Introduction and objective:
According to the World Health Organization (WHO) more than 95% of all parasitic infections reported globally result from poverty, poor personal hygiene practices, open defecation practices, consumption of contaminated drinking water, and improper handling of food. The rates of parasitic infections are particularly high in the paediatric population. One of the low-income African countries, where 75% of residents live below the poverty level, is the island of Madagascar. The aim of the study was to assess the prevalence of intestinal parasitic infections among school children living in northern Madagascar.

Material and methods:
The screening was conducted in October 2023 and involved a group of 241 school children aged 5–15 years, inhabiting the Mampikony district of Madagascar. Single stool samples were collected from study participants, the samples were fixed in SAF solution, transported from Africa to Europe, and analyzed by light microscopy using 3 different diagnostic methods (direct smear, decantation with distilled water, Fülleborn method) at the Department of Epidemiology and Tropical Medicine, Military Institute of Medicine – National Research Institute in Poland.

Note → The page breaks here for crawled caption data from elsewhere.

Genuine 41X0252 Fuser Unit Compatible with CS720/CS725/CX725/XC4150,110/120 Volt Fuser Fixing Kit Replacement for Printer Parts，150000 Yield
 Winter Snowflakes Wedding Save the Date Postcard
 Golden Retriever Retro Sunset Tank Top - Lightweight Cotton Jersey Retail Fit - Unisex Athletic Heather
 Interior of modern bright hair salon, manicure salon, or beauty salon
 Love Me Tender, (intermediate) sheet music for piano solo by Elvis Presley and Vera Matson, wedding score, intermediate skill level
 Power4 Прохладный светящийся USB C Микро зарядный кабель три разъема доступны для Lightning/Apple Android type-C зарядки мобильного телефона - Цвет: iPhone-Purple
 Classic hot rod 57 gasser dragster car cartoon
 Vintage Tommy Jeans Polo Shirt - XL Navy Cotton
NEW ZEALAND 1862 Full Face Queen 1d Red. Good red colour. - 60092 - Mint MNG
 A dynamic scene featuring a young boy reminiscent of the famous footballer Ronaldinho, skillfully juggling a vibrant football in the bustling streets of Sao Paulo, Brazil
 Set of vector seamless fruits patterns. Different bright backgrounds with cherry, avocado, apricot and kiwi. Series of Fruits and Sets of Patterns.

The overall prevalence of intestinal parasites in the study group was found to be 71.0%. Pathogenic intestinal parasites were detected in 65 patients (27.0%), with Giardia intestinalis being the most prevalent (21.2%). Most infections were caused by potentially pathogenic stramenopila Blastocystis spp. (48.6%).

The prevalence of intestinal parasitic infections is high in the community of school children in northern Madagascar. There is an urgent need to implement long-term prevention measures which would effectively limit the spread of new cases, and reduce the prevalence rates of intestinal infections in the local community.